The problem.
Retype the whole listing, please, keeping every line exact and dropping the pictures.

Raw data.

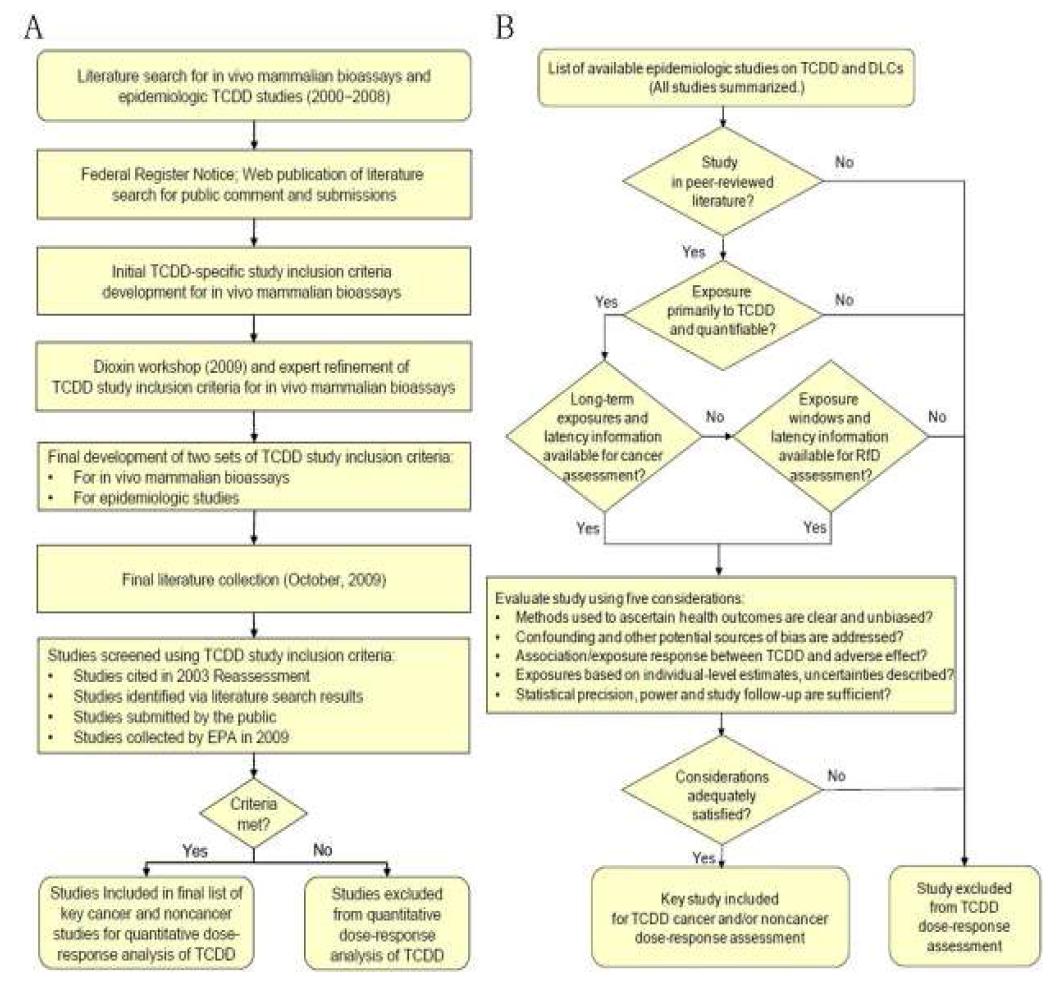 A, TCDD 용량-반응 평가을 위한 동물실험 및 역학 연구의 선택 과정. B, TCDD 용량-반응 평가에 있어 역학연구 평가를 위한 선택 기준과 고려사항을 포함하는 선택과정.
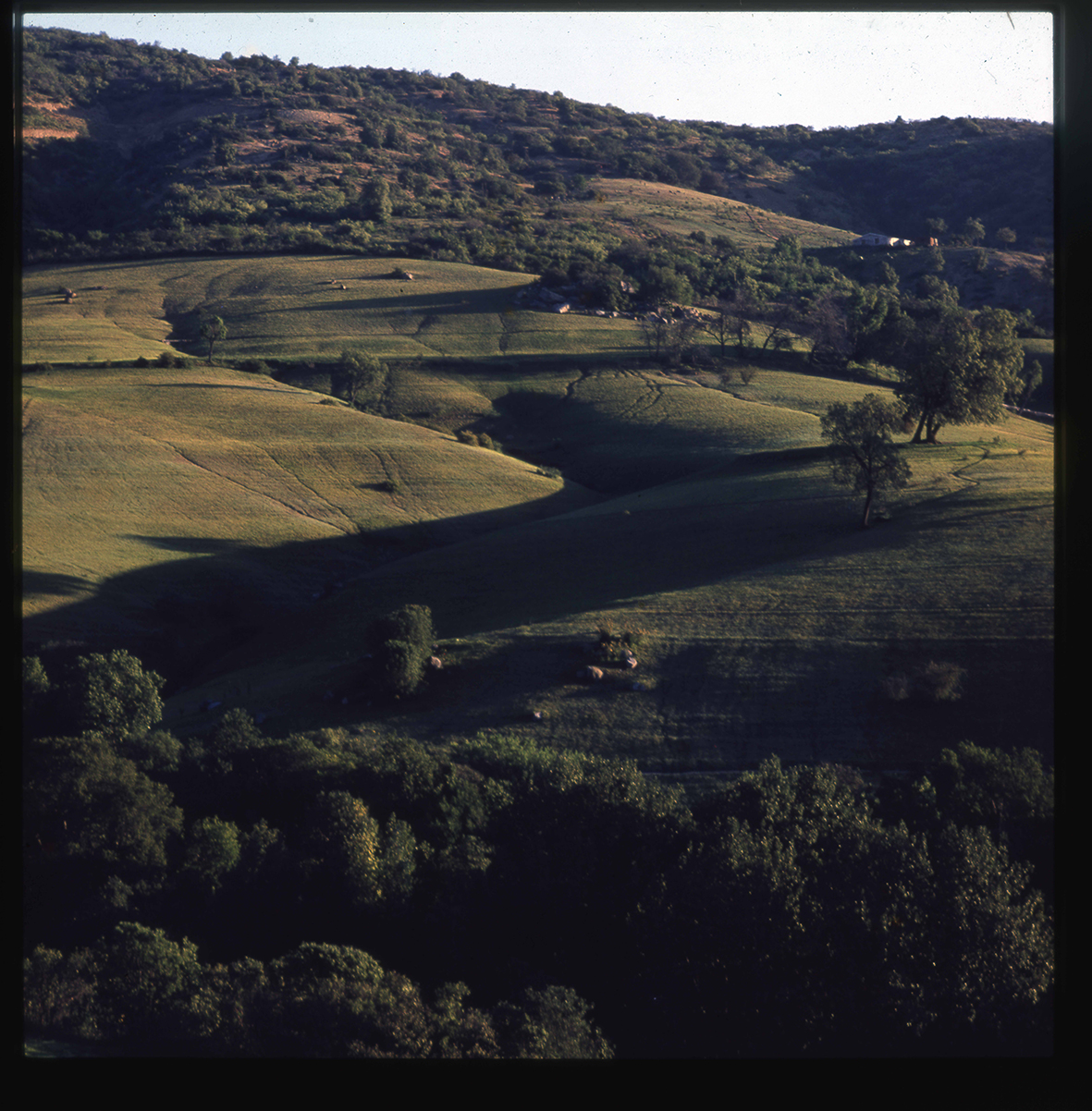 Colinas y faldas de cerro, Valle Venado, Región de Valparaíso, Chile, 1950 - 1965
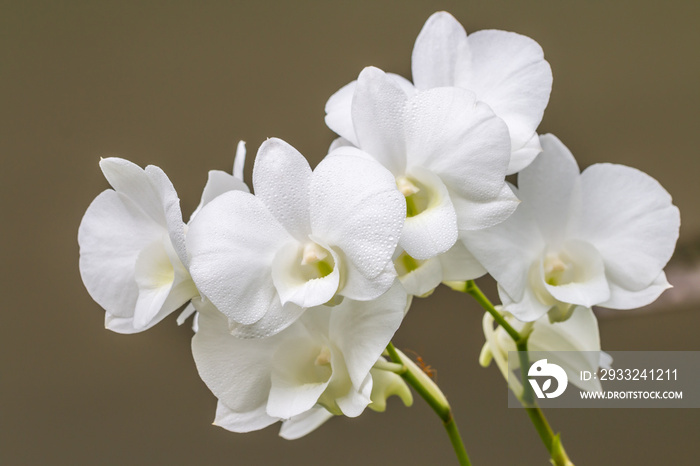 White orchid, Dendrobium.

Worked solution.
 A, TCDD 용량-반응 평가을 위한 동물실험 및 역학 연구의 선택 과정. B, TCDD 용량-반응 평가에 있어 역학연구 평가를 위한 선택 기준과 고려사항을 포함하는 선택과정.
 Colinas y faldas de cerro, Valle Venado, Región de Valparaíso, Chile, 1950 - 1965
 White orchid, Dendrobium.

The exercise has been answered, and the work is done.